=== Begin Enclosure ===

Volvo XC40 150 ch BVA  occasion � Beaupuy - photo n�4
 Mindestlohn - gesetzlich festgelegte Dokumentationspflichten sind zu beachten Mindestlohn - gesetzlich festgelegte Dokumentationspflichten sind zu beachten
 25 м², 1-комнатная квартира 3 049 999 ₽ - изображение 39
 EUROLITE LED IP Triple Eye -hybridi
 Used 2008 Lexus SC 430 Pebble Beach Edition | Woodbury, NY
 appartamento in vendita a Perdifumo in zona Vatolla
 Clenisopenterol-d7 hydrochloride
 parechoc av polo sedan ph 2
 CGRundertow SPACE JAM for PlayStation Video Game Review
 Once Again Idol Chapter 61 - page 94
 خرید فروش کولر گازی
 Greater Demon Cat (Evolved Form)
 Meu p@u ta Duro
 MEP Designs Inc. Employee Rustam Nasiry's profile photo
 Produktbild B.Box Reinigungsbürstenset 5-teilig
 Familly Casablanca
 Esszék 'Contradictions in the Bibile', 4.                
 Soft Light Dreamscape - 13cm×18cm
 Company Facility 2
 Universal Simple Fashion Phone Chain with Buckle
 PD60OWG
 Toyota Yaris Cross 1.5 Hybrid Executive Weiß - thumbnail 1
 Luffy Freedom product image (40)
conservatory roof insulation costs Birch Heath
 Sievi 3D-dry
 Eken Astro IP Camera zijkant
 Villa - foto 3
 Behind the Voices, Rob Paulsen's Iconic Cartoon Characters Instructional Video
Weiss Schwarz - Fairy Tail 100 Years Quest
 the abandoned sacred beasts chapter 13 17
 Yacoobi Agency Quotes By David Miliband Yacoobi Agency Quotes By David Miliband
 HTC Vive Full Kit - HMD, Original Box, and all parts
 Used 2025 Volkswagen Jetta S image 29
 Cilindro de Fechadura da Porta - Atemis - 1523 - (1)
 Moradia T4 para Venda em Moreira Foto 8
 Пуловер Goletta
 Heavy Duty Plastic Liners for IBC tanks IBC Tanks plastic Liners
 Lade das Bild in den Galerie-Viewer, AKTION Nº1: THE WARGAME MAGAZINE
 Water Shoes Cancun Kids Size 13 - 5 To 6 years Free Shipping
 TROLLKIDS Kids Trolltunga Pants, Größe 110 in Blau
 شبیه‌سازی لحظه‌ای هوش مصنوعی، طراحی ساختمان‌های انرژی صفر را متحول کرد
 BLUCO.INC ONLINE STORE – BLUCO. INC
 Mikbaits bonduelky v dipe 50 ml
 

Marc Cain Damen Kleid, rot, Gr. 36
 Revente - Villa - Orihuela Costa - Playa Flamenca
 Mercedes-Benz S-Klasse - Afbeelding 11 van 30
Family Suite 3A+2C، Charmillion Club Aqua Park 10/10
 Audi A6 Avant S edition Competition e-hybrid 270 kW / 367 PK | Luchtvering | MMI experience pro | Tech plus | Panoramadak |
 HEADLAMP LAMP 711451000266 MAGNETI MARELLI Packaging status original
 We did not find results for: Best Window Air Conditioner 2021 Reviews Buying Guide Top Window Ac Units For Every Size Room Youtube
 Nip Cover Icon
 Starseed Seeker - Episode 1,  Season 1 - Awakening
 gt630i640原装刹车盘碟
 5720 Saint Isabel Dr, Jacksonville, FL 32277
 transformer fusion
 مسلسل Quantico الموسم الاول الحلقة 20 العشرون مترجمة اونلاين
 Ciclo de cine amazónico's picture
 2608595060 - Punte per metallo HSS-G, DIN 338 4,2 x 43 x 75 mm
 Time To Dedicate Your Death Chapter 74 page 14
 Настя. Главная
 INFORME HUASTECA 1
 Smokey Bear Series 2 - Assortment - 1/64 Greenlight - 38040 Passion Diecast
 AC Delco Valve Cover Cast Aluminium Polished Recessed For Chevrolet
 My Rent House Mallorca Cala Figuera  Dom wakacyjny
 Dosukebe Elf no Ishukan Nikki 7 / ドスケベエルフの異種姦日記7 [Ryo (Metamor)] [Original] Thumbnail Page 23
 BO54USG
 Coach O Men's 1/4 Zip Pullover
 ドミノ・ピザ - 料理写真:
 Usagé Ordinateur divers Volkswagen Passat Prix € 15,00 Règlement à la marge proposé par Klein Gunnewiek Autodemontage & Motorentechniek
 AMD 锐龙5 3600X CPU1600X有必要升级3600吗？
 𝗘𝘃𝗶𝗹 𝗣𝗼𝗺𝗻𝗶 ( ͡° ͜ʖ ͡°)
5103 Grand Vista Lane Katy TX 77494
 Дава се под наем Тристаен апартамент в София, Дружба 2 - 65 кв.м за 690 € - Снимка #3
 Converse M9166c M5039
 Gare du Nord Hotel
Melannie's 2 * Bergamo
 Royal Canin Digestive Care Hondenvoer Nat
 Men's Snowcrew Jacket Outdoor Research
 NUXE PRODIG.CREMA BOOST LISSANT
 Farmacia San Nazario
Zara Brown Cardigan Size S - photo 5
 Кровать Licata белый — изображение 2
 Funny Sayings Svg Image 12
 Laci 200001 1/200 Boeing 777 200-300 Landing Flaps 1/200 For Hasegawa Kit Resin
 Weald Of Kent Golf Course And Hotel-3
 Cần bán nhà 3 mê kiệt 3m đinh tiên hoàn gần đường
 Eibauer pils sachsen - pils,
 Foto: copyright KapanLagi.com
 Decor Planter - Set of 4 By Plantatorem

=== End Enclosure ===

Across the entries above, find each line with the word "Video" and please copy it out.

RESULT FOR THIS EXERCISE:
 CGRundertow SPACE JAM for PlayStation Video Game Review
 Behind the Voices, Rob Paulsen's Iconic Cartoon Characters Instructional Video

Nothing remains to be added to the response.